We are in the midst of the crazy in our 8th wedding season, and I thought it would be the perfect time to share some of my never-before-shared, best-kept secrets, advice and mindset shifts, when it comes to kicking ass at wedding photography. Most of these lessons I’ve either learned the hard way or wished that I had implemented them sooner, which is exactly why this type of stuff is my absolute FAVORITE stuff to share. Ready?
1. Energy Is Contagious
This is number one because I think it’s one of the MOST important things to remember as a wedding photographer, or really, for anyone in the service industry. If you’re a wedding photographer simply to just take pictures and move along, you’re in the wrong industry. We are in the PEOPLE industry, and what you emote is what you receive in return. Weddings are always filled with high levels of energy – at some points during the day the energy is stressful and tense, while other times, it’s energetic and full of anticipation. The minute you step foot into the venue, you MUST bring the same level of energy – positive and calm. It’s human nature to feed off energy, whether we realize it or not, and EVERYONE does it. You need to make sure that your level of energy and the “vibe” you bring is solid, calm and positive – no matter the situation you walk into. It can be SO easy to become manipulated by a stressful environment – zipper is broken, DJ doesn’t show up, officiant is no where to be found, tuxes don’t fit, flowers are totally wrong – just to name a few from this wedding season.

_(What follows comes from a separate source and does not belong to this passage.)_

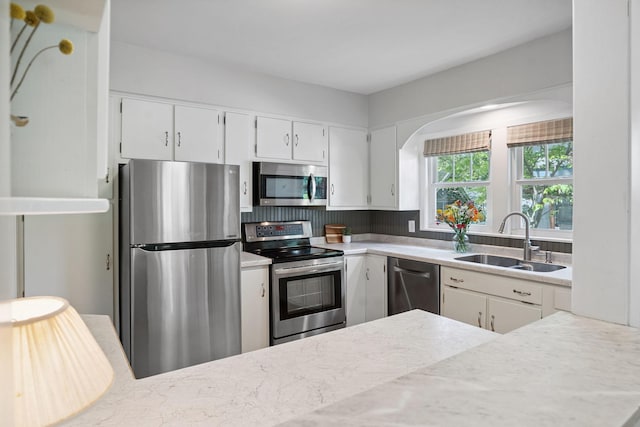 1511 Branston St, Saint Paul, MN 55108 - kitchen featuring appliances with stainless steel finishes, white cabinets, arched walkways, and backsplash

Whatever the case may be, you can not let that throw you off your game. If you panic, it ONLY makes things worse. You have to remember that because you work in the wedding industry, people (wedding party, bride, parents etc.) automatically assume that “you’ve seen it all” and when you panic and change your energy, whether or not it’s the worst case scenario, or just a small hiccup, this instills MAJOR panic and distress for them, which is never a good thing. Above all else, things may be chaotic, but you must bring calm to the chaos. People WON’T recognize or appreciate your calm energy until after the crisis, big or small, but they WILL remember how you handled yourself during their time of need.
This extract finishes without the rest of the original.